**What to produce:** Starting at the line with "Hexagram Camping Kitchen" and stopping at the final line, retype the data below exactly; do not carry over any pictures.

**Data section:**
------------------------------------
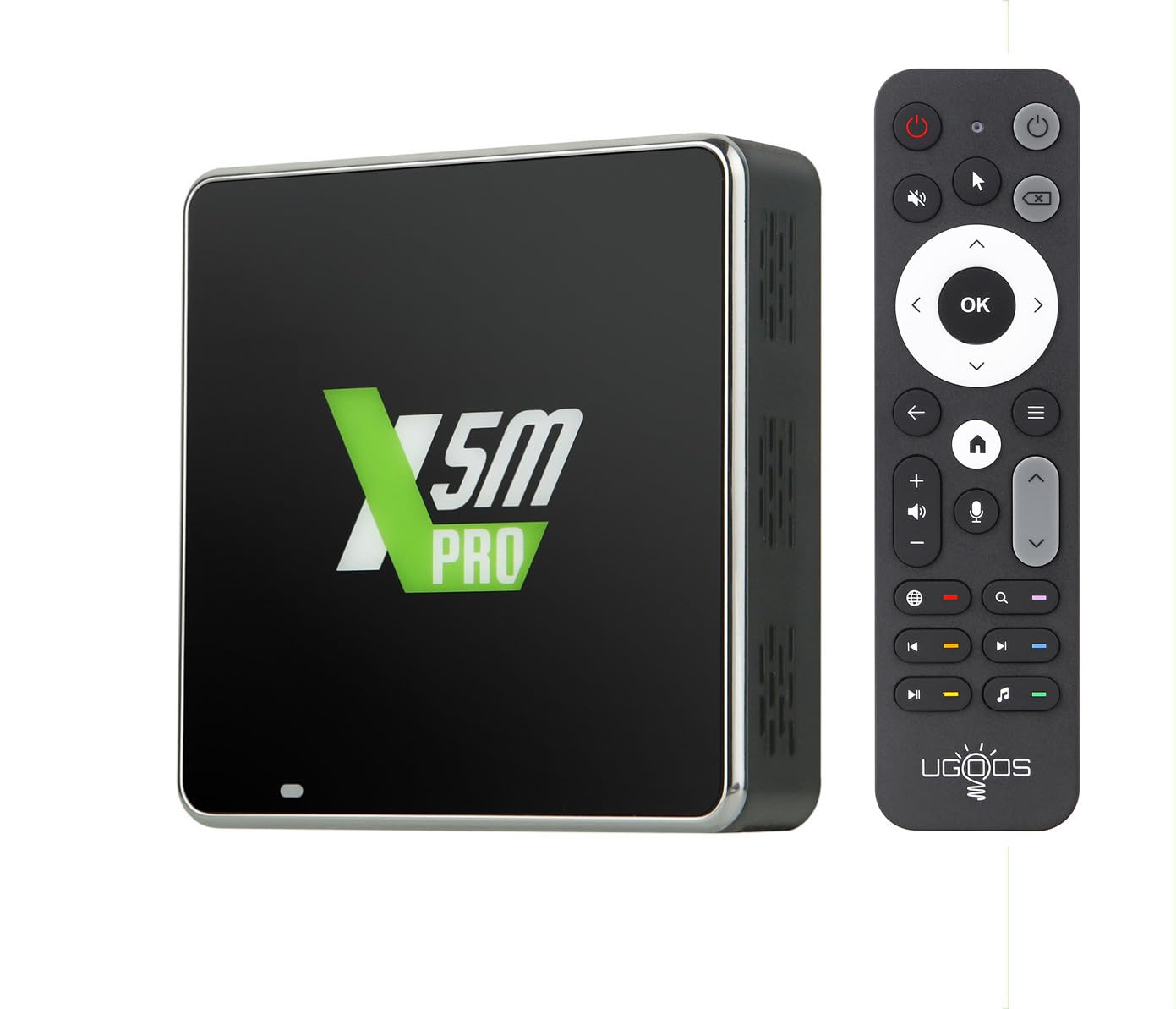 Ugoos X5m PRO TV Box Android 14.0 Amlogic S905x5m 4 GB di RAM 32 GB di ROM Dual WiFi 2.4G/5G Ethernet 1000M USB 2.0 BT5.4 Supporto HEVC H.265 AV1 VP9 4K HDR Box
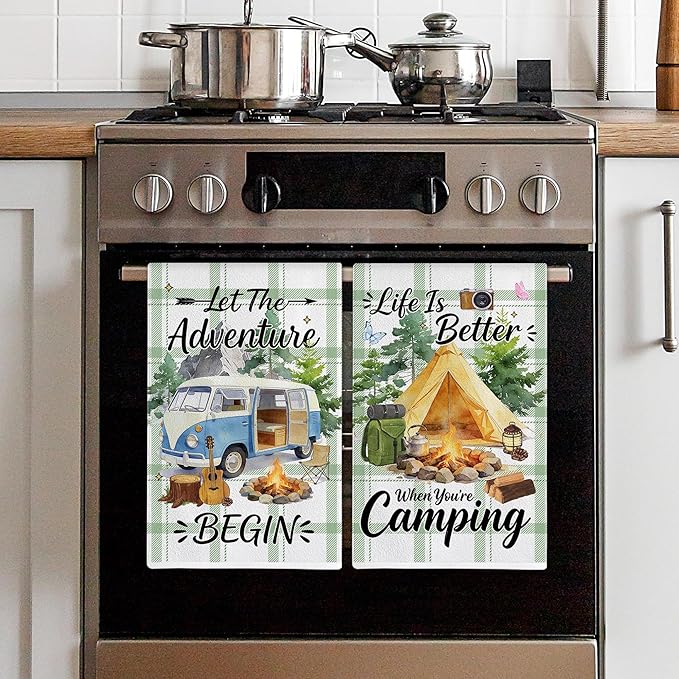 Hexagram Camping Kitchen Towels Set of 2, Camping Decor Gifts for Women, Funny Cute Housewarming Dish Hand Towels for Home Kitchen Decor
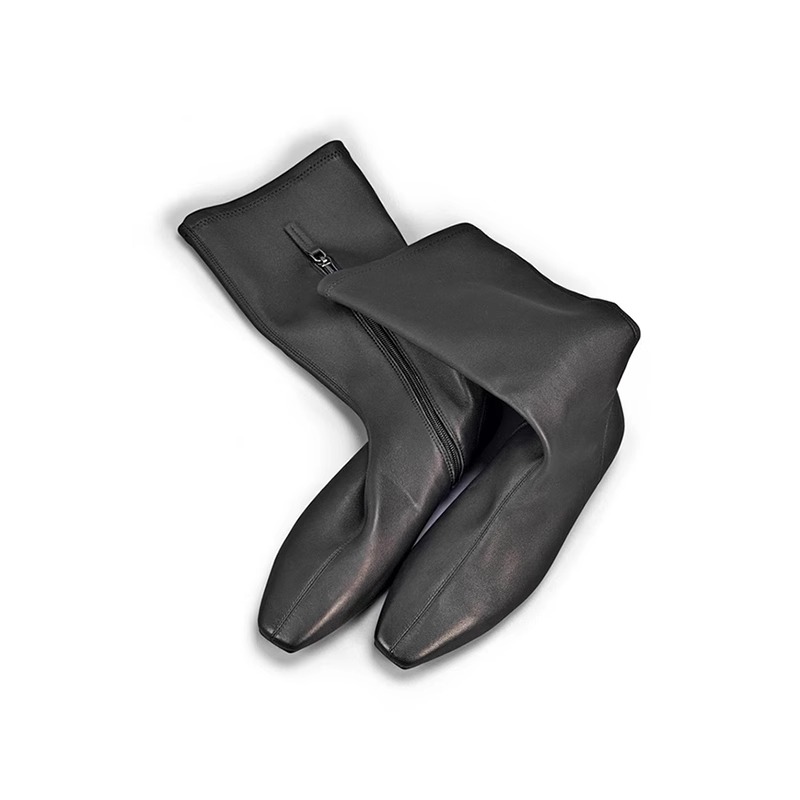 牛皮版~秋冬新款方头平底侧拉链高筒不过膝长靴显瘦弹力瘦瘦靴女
------------------------------------
**Result of this task:**
 Hexagram Camping Kitchen Towels Set of 2, Camping Decor Gifts for Women, Funny Cute Housewarming Dish Hand Towels for Home Kitchen Decor
 牛皮版~秋冬新款方头平底侧拉链高筒不过膝长靴显瘦弹力瘦瘦靴女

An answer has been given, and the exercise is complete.